Ed ecco il menù preparato dal figlio maggiore di Antonio, Giovanni. Come primo piatto “mezzani d’estate, ma anche no”: una pasta fredda arricchita con tonno affumicato, mozzarella, sapori dell’orto e una mousse di broccoletti. Per secondo, un hamburger alla parmigiana, condito con una mousse di mela e cheaps di melanzane. E infine, per dessert, banane flambé accompagnate da gelato e gocce di cioccolata.
«Siamo ristoratori da quattro generazioni: fatto per nulla scontato – racconta Antonio -. Il nostro segreto è stato forse quello di accettare che ogni figlio potesse aggiungere sempre qualcosa di nuovo. D’altra parte il gusto cambia ogni due generazioni. E tre quarti delle cose che faceva mio nonno oggi non ha più senso riproporle. Così diranno probabilmente la stessa cosa i miei nipoti: la tradizione esiste per essere cambiata».

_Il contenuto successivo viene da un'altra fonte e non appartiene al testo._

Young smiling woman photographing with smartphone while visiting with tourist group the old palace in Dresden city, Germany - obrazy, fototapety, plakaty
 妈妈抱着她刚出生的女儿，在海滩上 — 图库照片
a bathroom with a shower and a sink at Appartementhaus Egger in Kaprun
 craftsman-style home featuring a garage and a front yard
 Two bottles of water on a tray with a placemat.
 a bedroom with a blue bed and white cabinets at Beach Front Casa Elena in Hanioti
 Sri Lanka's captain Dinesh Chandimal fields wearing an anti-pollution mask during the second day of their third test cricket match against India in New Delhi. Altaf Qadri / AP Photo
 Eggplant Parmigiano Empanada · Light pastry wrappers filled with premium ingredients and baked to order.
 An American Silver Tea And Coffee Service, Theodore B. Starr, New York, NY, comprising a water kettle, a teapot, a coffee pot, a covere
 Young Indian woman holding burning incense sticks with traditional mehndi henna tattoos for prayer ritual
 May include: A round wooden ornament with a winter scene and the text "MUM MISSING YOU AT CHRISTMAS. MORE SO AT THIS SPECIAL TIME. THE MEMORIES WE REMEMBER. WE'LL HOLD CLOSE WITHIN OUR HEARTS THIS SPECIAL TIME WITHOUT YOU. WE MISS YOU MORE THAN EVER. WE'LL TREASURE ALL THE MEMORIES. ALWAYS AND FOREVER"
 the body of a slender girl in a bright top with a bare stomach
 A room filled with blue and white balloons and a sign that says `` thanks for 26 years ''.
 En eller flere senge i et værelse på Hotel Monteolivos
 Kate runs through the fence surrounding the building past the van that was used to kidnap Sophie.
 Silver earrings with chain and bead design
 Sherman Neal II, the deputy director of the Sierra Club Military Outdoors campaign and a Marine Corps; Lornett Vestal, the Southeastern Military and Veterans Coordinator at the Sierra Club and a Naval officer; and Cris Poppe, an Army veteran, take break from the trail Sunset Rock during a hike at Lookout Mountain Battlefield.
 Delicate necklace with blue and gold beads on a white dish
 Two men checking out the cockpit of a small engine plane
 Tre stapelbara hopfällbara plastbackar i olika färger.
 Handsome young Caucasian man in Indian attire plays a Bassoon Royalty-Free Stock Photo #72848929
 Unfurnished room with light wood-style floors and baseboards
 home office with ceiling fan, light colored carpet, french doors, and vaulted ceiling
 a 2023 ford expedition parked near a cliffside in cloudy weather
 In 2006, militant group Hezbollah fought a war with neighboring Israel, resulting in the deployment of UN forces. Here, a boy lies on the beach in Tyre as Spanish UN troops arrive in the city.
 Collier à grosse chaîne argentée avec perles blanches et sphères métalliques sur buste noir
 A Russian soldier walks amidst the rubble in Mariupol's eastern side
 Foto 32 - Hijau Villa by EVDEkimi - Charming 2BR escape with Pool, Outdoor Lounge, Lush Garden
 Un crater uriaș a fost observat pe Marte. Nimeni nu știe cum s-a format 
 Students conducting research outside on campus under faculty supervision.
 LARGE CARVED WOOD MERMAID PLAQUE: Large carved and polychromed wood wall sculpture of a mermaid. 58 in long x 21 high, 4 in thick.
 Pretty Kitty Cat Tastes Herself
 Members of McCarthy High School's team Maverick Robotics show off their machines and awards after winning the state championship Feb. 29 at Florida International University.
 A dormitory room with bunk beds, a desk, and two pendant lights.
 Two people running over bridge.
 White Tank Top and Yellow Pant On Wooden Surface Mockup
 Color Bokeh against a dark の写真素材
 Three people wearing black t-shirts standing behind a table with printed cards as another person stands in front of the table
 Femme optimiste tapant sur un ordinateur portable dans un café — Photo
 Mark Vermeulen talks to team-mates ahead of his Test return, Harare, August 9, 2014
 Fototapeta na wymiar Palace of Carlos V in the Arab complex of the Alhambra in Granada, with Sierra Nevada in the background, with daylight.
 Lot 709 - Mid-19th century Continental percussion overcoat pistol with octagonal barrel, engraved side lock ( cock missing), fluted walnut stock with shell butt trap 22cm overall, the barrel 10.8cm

Il Refettorio è una grande provocazione culturale contro lo spreco alimentare. Tema che appassiona l’intera famiglia Santini: «Il cibo trasformato in merce produce una quantità di rifiuti alimentari impressionante. È un sistema eticamente insostenibile, come si capisce benissimo anche visitando il Padiglione Zero a Expo. Bisogna cambiare le cose. Molto concretamente si potrebbe cominciare dalle abitudini alimentari di ciascuno di noi. Anziché cucinare con gli avanzi, si potrebbe imparare a cucinare in modo da non produrne, preparando quanto basta. In fondo, si tratta solo di agire pensando a quello che si fa, applicando un po’ di razionalità», riflette Alberto.